METAL cymbals of all kinds are used as accompaniments to nati\’e
music. Farther North we find them chiefly in connection with
music of a religious character, but in the South their use is
universal. The larger kinds, called Jhanj, are much like the ordinary
Turkish cvmbals and are used in the Nahabet, and in company with the
Tala, or gong, in the wild temple music. The chief use made of all
cymbals is to mark the time. The two small kinds of cymbals here drawn
are peculiar to Indian music. The Jalra — shown uppermost in the
plate — are made in proportion a good deal thicker than the larger cymbals,
and they are played so as to produce a ringing sound, somewhat like
that of a trembling electric bell ; they are usually connected by a cord passed
through their centres.

The cup-shaped cymbals to the left of the plate are called
Tala, and are so made that their edges only are struck.
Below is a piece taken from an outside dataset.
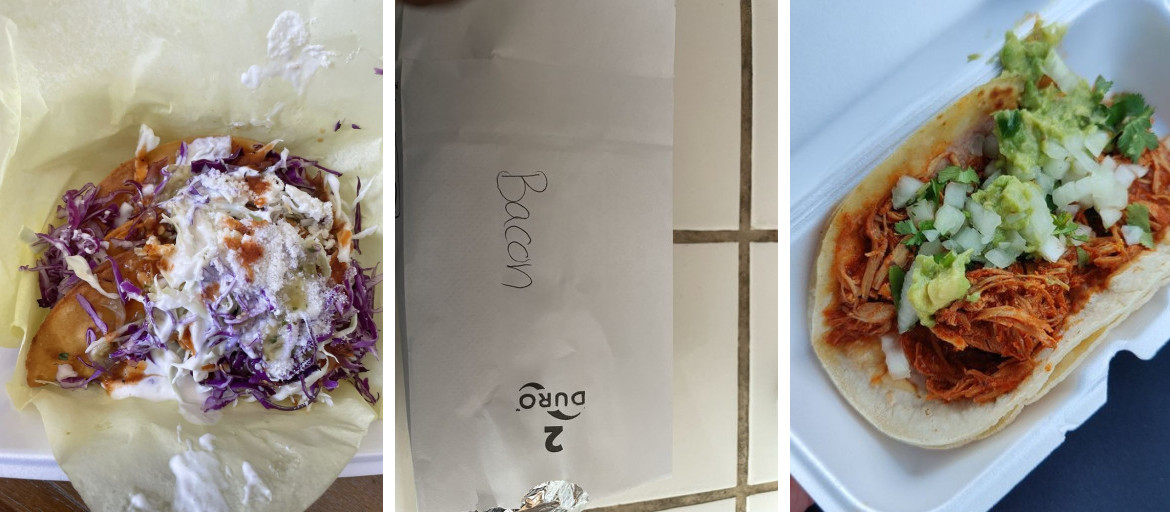 La Campana Taqueria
The Budbudika — shown on the right of the plate — is a small hand-drum from
three to six inches in length, used by snake charmers, mendicants, &c. In
shape it resembles an hour-glass, and in the centre a string is attached having a
small ball of leather or cork at the end. When shaken in the hand the striker
at the end of the string alternately touches each head.

A drum, somewhat similar in shape, called Edaka or Dudi, is common
in Coorg. It is of metal, and about 1 foot in length and 8 inches in diameter;
one end is beaten by a soft drumstick, the other by hand, like the dhol.